The landscape changed about 15 years ago. From the 1970’s through 2000, Funding by the individual states was the primary financial tool of growth and sustainability for public colleges and universities. As budgetary cutbacks and restrictions filtered through the state’s economy the options became limited. The only methodologies to keeping those doors open was to cut classes making the four year reality a distant memory and to increase tuitions with the heavy hand poised at the out of state versus in state tuition rates. By curtailing or keeping the in state admit rate constant but increasing the financially advantageous out of state or out of country tuition rates, the schools coffers began to fill. In the past 15 years we also saw a significant increase in non California students attending the UC and the State schools.
For those of us that have been out of school for more than 25 years, a look back will shed great insight. In a recent article in the NY Times by Kevin Carey, he noted that in the year 2000 a majority of students attending colleges within their state of residence were from that state and the list of international students was almost nonexistent. He noted that in 2000, UCLA admitted 43 international students as freshmen compared with 1,046 a mere decade later. It’s clear to see the reason. In state tuition at a UC costs $13,200 today while the non-resident and international student pays just over $36,000 for the same education (a premium of more than $24,000 per year and when multiplied by the average graduation rate of 5 years, this formula nets the school more than $120,000 in additional revenue).

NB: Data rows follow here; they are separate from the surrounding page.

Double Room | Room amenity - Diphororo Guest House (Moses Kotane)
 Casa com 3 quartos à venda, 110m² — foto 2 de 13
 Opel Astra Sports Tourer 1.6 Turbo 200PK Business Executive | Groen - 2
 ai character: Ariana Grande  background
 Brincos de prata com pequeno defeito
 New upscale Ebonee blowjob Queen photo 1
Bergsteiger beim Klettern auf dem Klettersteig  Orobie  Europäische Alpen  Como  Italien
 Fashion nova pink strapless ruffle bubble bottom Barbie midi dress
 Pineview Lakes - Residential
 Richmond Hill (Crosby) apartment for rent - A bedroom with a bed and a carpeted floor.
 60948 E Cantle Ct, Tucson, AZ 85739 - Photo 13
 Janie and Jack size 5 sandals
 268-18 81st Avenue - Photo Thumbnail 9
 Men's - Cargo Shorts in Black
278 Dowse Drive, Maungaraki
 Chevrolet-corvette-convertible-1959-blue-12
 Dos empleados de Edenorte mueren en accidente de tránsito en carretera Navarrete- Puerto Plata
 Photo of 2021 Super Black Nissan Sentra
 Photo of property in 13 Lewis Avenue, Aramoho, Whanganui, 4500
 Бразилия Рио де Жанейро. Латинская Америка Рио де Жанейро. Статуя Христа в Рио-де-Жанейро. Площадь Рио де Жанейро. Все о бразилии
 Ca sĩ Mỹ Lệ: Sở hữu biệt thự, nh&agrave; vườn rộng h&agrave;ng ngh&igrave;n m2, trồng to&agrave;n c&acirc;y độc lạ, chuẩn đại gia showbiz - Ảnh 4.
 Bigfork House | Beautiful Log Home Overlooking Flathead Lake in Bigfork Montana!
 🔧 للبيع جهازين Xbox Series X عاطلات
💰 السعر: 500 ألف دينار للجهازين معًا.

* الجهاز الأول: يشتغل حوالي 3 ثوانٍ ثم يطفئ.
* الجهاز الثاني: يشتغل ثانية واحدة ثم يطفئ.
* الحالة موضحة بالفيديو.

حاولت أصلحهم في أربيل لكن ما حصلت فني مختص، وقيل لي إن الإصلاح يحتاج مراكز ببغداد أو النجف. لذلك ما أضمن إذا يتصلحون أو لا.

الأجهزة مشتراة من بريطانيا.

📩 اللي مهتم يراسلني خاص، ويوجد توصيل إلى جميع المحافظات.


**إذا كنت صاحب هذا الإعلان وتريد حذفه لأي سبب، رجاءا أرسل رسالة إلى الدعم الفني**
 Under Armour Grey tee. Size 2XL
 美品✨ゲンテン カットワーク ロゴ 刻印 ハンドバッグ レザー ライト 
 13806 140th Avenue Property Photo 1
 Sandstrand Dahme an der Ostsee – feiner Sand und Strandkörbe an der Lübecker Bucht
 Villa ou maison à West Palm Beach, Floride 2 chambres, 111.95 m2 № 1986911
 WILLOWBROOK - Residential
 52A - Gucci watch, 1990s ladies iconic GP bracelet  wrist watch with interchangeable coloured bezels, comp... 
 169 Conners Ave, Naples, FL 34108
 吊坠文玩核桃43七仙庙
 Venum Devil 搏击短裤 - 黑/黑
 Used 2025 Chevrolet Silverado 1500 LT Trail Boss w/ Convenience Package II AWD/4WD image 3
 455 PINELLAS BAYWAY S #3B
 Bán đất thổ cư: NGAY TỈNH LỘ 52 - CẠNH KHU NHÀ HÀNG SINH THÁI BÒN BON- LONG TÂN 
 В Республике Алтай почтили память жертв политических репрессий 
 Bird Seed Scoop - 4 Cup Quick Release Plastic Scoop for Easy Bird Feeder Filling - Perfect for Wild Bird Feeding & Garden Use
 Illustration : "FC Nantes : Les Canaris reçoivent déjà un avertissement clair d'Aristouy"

Not only have the costs escalated monumentally but the influx of out of state or out of country applicants has skyrocketed thus making the admissions curve steeper and the number of in state students denied admission significantly greater. In fact across the board, the UC system, arguable the best state system in the United States has become out of reach for a majority of students making UC admission tantamount to some of the elite colleges in the U.S. In fact, Berkley’s admission rate for the freshman class of 2015 was less than 10 percent putting it on par with a few of the IVY’s and some of the nation’s most sought after universities.
In 2000, the political landscape and ease of immigration was not as robust. The number of applications from India and the Far East was a fraction of what they are today. This is not unique to California. Well noted public schools in most states are seeing an influx of out of state or international students while the number of in state admits plummets. Some states have mandates which ensure that the predominant admission count will come from in state but that’s not the norm. The rising costs and increase of non residents on state schools has the effect that sending our students to an out of state public school is almost on par and in some cases surpasses the costs charged at many private schools.
So what does the future hold for our current crop of high school students in their quest to attend public universities? Today’s student will need higher GPA’s to compete for spots and will need to score higher on their ACT/SAT exams in order to level the playing field. If not, they will need to expand their options looking to out of state programs that do not have huge differences between the in state and out of state student tuition fees.
Working hand in hand with a professional college counselor is one way of helping navigate the college road today. While school counselors can be of assistance, they are often overburdened by the their student loads and have limited time to fully explore collegiate options. Furthermore, most high school counselors are not financial advisors and lack the skills necessary to navigate the financial decisions that go into picking the “right fit” for the student and their families resources. Of course left handed pitchers with 90+ miles per hour fastballs or 6’-7” defensive ends with lightening speed will always help level the playing field.